There has been a widespread change in the thinking on arms control in the last year or so. Much of it is due to the focus of attention on “measures to safeguard against surprise attack” (to use the official terminology). Although this subject is still listed anachronistically under “disarmament,” it is differently oriented. It assumes deterrence as the keystone of our security policy, and tries to improve it. It accepts a retaliatory capability as something to be enhanced, not degraded–something to be made more secure, less accident-prone, less in need of striking quickly to avoid its own destruction, less capable of gaining advantage from a sudden attack of its own. An anomaly of this approach to arms control is that it does not necessarily involve “disarmament” in the literal sense.
Another anomaly, which rather shakes the disarmament tradition, is that weapons may be more stabilizing and less aggressive if they are capable of civilian reprisal rather than of military engagement. A standoff between two retaliatory forces is in some ways equivalent to an exchange of hostages; and “inhumane” weapons, capable of inflicting damage but not able to go after the enemy’s strategic forces, acquire virtue because of their clearly deterrent function and the lack of temptation they give either side to strike first.
More important, though, is the fact that schemes to avert surprise attack are manifestly compatible with a national military policy, not a renunciation of it.
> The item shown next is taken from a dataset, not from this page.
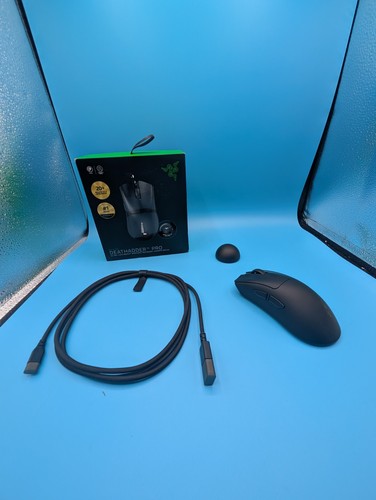Razer deathadder pro - pro,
They emphasize the possibility that one can simultaneously think seriously and sympathetically about our military posture and about collaborating with our enemies to improve it. To propose, as does the notion of “measures to safeguard against surprise attack,” that military cooperation with potential enemies may offer opportunities to improve our military posture, opens a new field for imaginative scientific and military thinking, and may eventually enlist the support of the military services themselves.